STELLAR EVOLUTION
It was only in the 80’s, after thousands of observations of the spectra of stars, nebulæ, and comets had been secured, that the full meaning of the revelations of the spectroscope began to dawn upon the world.
Before the introduction of spectrum analysis all stars were supposed to be suns, and the only difference recognized among them was one of brilliancy and the variation of brilliancy in the case of some of them.
It ultimately came out that great classes might be recognized by the differences of their spectra, which were ultimately traced to differences in their chemistry and in their temperature, as determined by the extension of the spectra in the ultra-violet, the whiter stars being hotter than the red ones, as a white-hot poker is hotter than a red-hot poker.
Next there was evidence to show that a large proportion of the stars were not stars at all like the sun, but swarms of meteorites; and in this way the mysterious new stars which appear from time to time in the heavens, and a large number of variable stars, were explained as arising from collisions among such swarms.
The inquiry which dealt with the spectroscopic results, having thus introduced the ideas of meteor swarms and collisions to explain many stellar phenomena, went further and showed that the various chemical changes observed in passing from star to star might also be explained by supposing the whole stellar constitution to arise from cool meteoritic swarms represented by nebulæ, the changes up to a certain point being explained by a rise of temperature due to condensation towards a centre.
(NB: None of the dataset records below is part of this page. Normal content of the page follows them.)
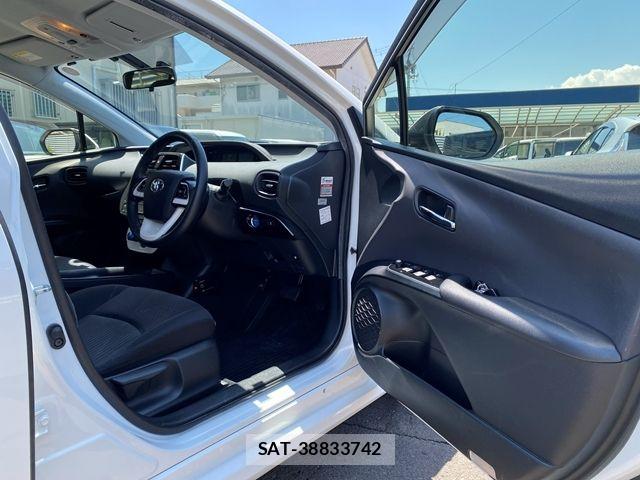 Toyota PRIUS 2019-02 7223755-12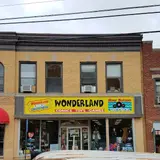 Wonderland Comics, tienda de TCG en Putnam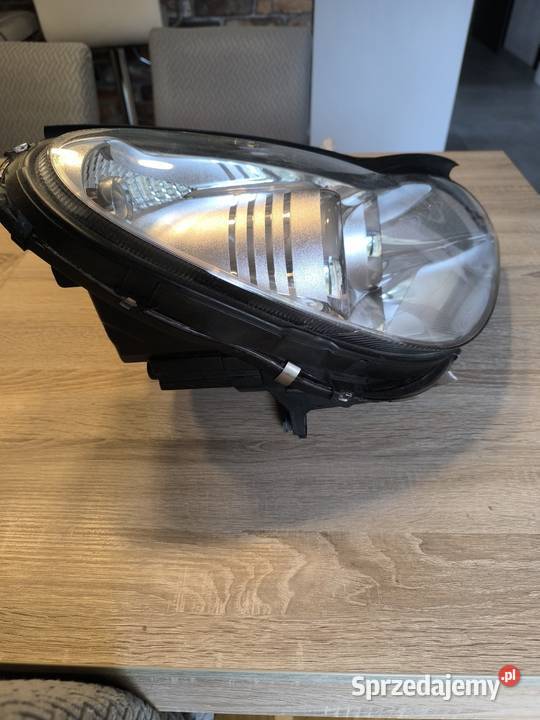 Mercedes CLS W219 lampa prawa przód przednia osobowe Sosnowiec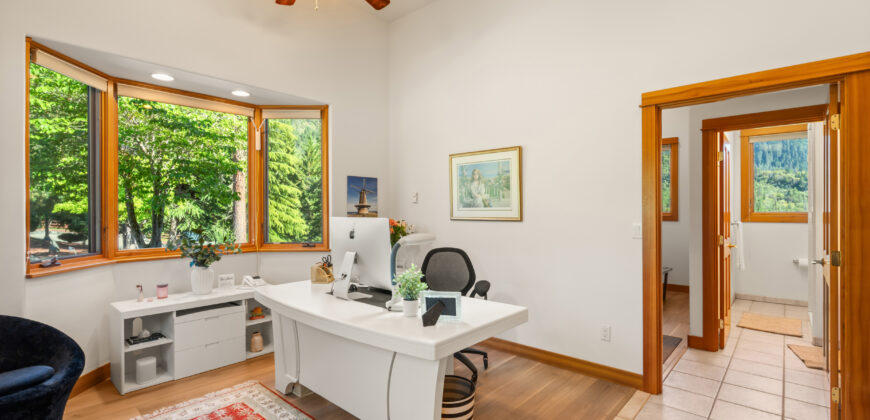 Luxury Wine Country Home For Sale w/ Boutique Vineyard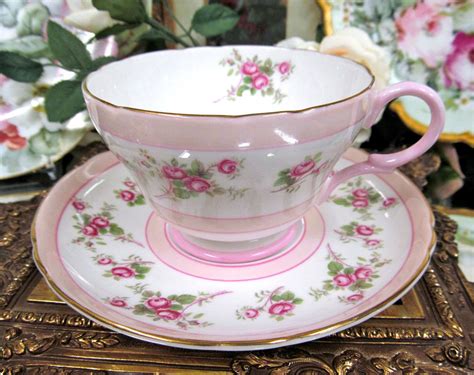 Shelley Tea Cup And Saucer Pretty In Pink With Pink Roses In A Chintz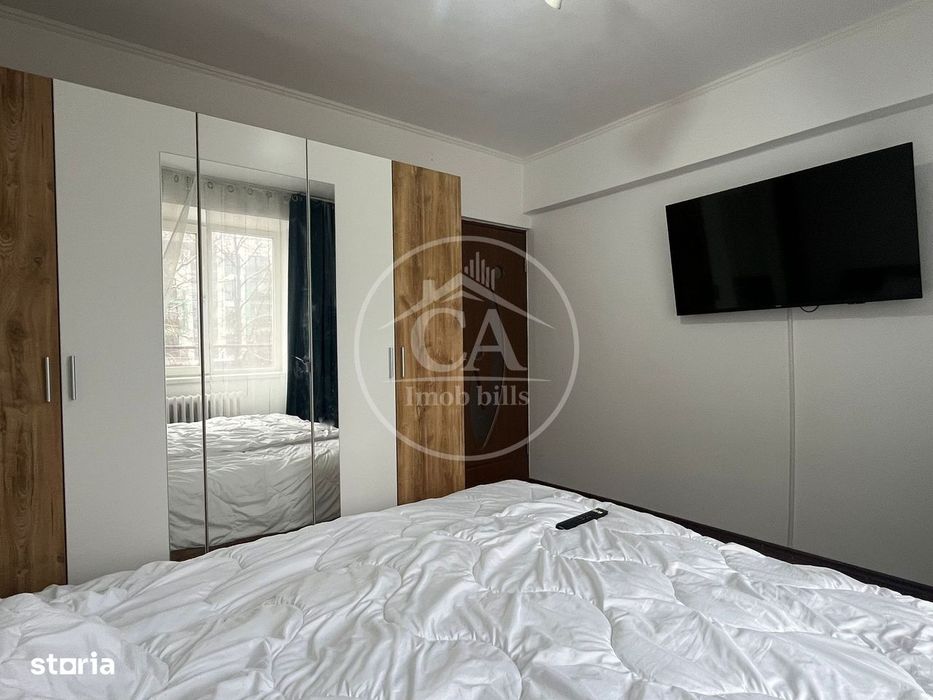 Apartament cu 3 camere de vânzare in zona Cantemir, Oradea — fotografia 1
Here the new view was opposed to that of Laplace, advanced during the last century, that the stars were produced by condensation and cooling; but Kelvin had shown, before the new view was enunciated, that Laplace’s view was contrary to thermodynamics, a branch of science which had developed since Laplace published his famous Exposition du Système du Monde.
After all the meteorites in the parent swarm had been condensed into the central gaseous mass, that mass had to cool. So that we had in the heavens not only stars more or less meteoritic in structure, of rising temperature, but stars chiefly gaseous, of falling temperature. It was obvious that representatives of both these classes of stars might have nearly the same mean effective temperature, and therefore more or less the same spectrum. A minute inquiry entirely justified these conclusions.
So far had the detailed chemistry of the stars been carried in the latter years of the century that the question of stellar evolution gave rise to that of inorganic evolution generally, the sequence in the phenomena of which can only be studied in the stars, for laboratory work without stint has shown that in them we have celestial furnaces, the heat of which transcends that of our most powerful electric sparks. In this way astronomy is paying the debt she owes to chemistry.